Naturally, many of us write things intended or should be intended to be private or for a small family circle. But when the blogosphere and social media exploded, many of these formerly private journal entries went online for anyone to read. In some cases, these blog items ended up becoming books.

Yesterday, I attended a Hospis Support Group for those of us who have lost a spouse and the topic of writing journals came up. Then, listening to other people describe episodes, events, or moments before or after their spouse’s death, something occurred to me.

What we were discussing could be a useful writing prompt for writers who very much want to appeal to a reading audience. True, if we are describing something attached to an actual emotional moment, the emotional impact, certainly for the writer, could have a special wallop unlike anything else we scribe. And there’s no reason not to consider crafting similar scenes describing moments for fictional characters.

I doubt I’ve just said anything new. But it might be an opening for authors looking for ways to introduce a new character or situation they haven’t considered before. So, I offer this example from my second week of grief. One thing I noticed was by choosing one rather tight setting, I was able to illustrate some characteristics of my late wife in a rather succinct way:


There she sits, the spectral image of the short-haired Betty Britton leaning forward on her relatively new couch. She wanted that couch from Bob’s Furniture last year after she decided that would give her her own space to relax on when at home. Better than her old recliner, apparently.

When she was home and not confined to a hospital or rehab bed, Betty sat or laid on that couch with a little table-tray in front of her with her various small possessions surrounding the space where she placed her breakfast and dinners. That’s where she ate her Meals on Wheels which she usually liked better than I ever did. There, she enjoyed her cans of ginger ale, chocolate Glucerna, and cups of ice. Once upon a time, she loved crystal lite but, for some reason, lost her desire for that.
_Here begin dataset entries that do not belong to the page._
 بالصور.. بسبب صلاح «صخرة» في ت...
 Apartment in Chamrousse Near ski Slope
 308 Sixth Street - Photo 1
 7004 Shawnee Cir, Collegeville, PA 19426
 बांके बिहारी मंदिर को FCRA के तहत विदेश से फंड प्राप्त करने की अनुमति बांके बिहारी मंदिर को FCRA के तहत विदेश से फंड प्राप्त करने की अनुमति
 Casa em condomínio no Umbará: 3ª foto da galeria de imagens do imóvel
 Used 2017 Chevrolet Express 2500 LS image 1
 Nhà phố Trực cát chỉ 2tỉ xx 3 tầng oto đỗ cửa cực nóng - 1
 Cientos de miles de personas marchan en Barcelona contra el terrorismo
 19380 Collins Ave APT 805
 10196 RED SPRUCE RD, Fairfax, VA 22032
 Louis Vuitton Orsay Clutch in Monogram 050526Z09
She loved her morning coffee in that huge cup of hers into which she poured her sweet vanilla creamer. She usually filled that cup to the brim but rarely drank enough to make it worthwhile.
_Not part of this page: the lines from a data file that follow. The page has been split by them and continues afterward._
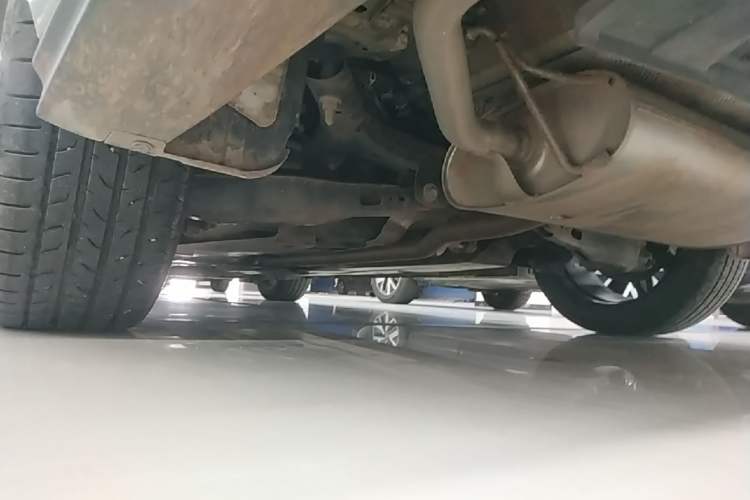 Used CHANGAN UNI-V 2022 1.5T Prestige Version Chassis Rear Left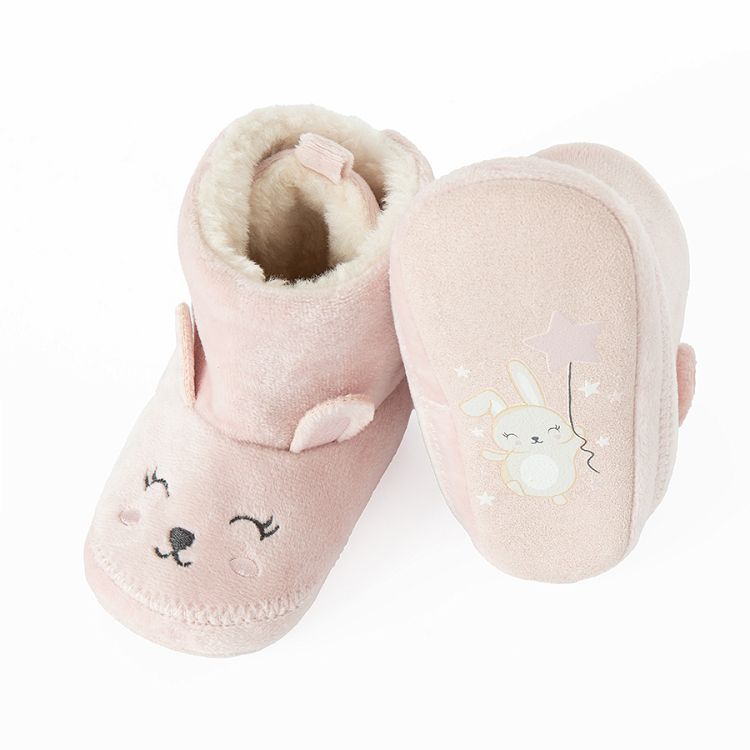 New born slippers with bunny pattern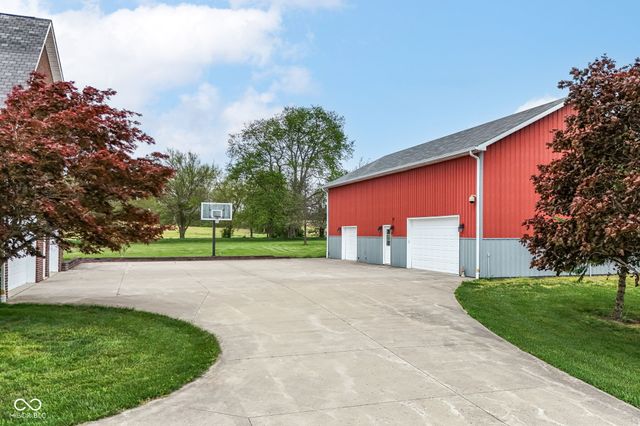 5264 E Rocklane Road, Greenwood, IN 46143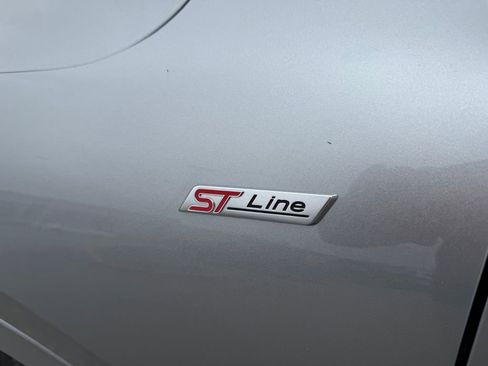Used 2024 Ford Escape ST-Line FWD image 11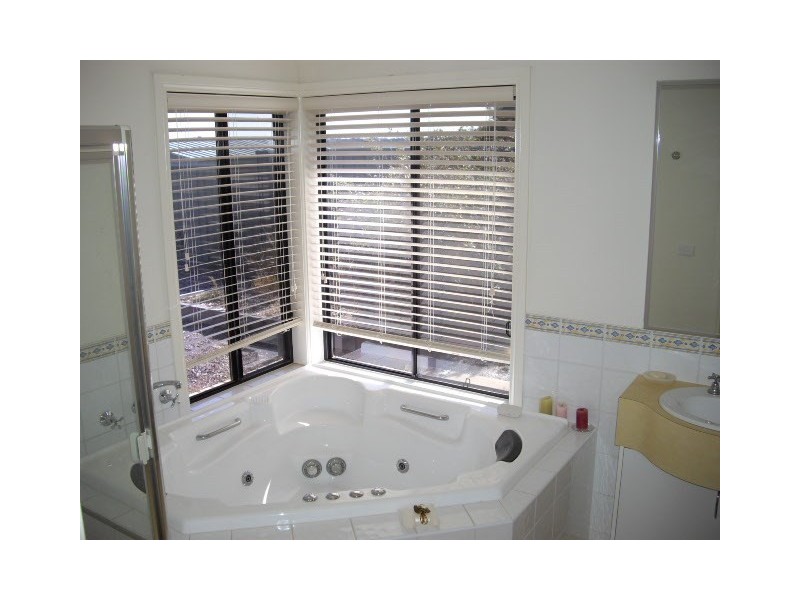 27 Woodlands Circuit, Echuca VIC 3564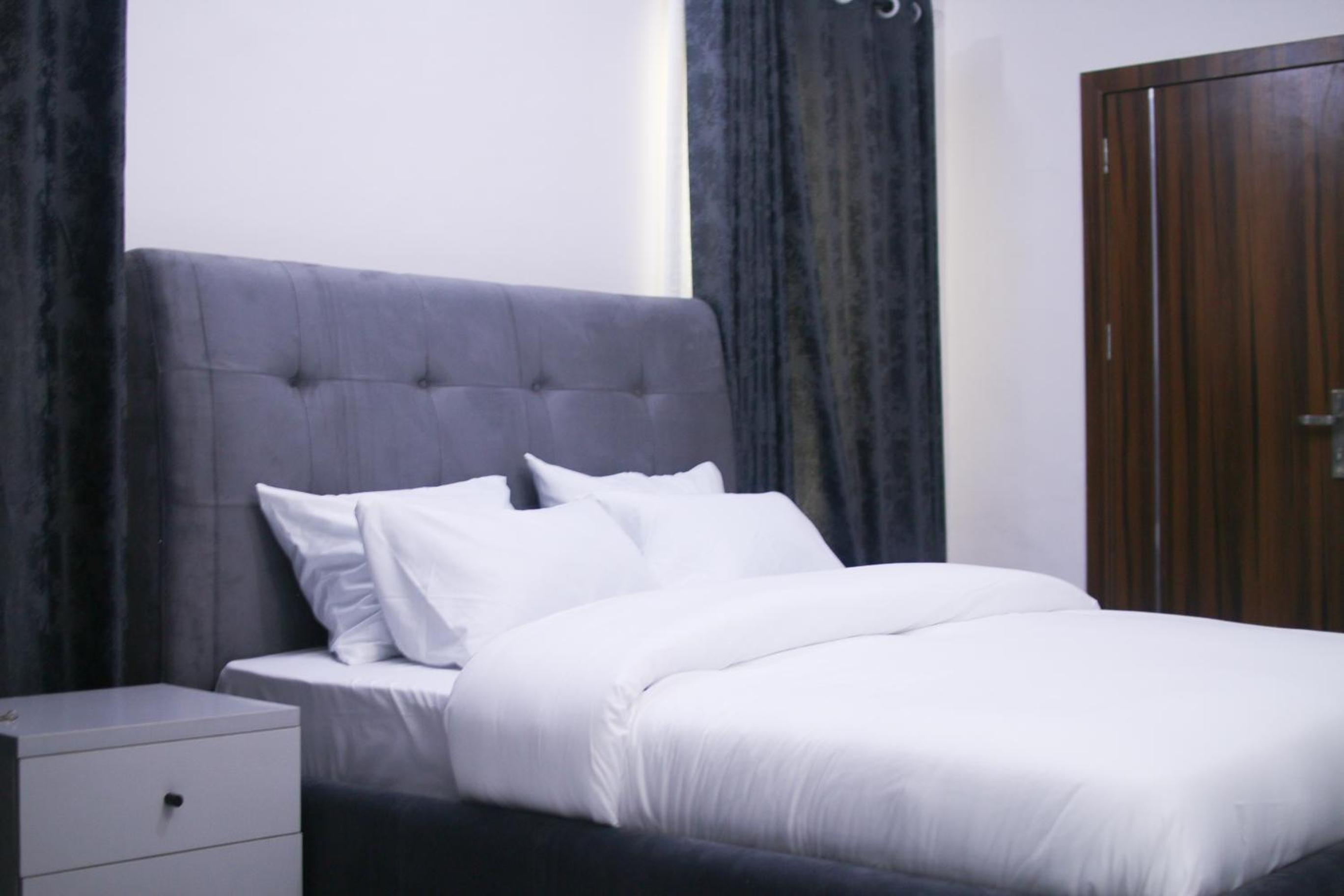 Victoria Homes - Lekki Apartment Lekki Phase 1 view 3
She had a little shallow glass cup in which she kept the change for the Share Ride drivers. They insisted on the $3.50 in exact change for each trip, coming and going to the dialysis center. By the cup was a stack of one dollar bills for the same reason. She had her strips of blister-packs of her daily pills organized by the Medicine Shop for her complex prescription regimen. She had her glasses which she often lost and the cell phone which she lost just as often, usually in her bed or couch cushions.

She had her blood sugar Glucometer which she needed to use more regularly than she did. Oh, she got so mad with me for asking several times a day what her sugar level was. That was until her visiting nurses let her know I was doing a good thing by keeping up with her numbers. “I’m a grown-ass woman! I can do whatever I want! I don’t need you watching over my every move!” Oh yes, she did.
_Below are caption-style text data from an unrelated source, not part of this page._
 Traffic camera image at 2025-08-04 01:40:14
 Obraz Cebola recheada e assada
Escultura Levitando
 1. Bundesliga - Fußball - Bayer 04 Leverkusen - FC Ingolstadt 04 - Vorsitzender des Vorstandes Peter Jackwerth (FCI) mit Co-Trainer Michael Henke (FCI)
The last time she went into the hospital, Ron Collins came by to make a few changes Betty wanted. She often had a difficult time rising from her couch without help. She often complained the TV was too low for her to see over her walker. So Ron put the TV on a riser it still sits on. He put little risers under each of the couch legs to make it easier for Betty to get up and down. She never made it home to try these things out.

So the image I’m seeing and hearing on the couch is the image of a Betty eating her dinner with all her necessities spread around in front of her. Oh yes, the mail too. The little table is gone now as it rather crowded that side of this little living room. But that was the place Betty spent most of her waking hours last year when she was home. Me, I can’t go near that couch. It hurts just to know it’s there.
“Here,” the spectre says, holding out a plastic Solo Cup, “get me a glass of ice. No water.”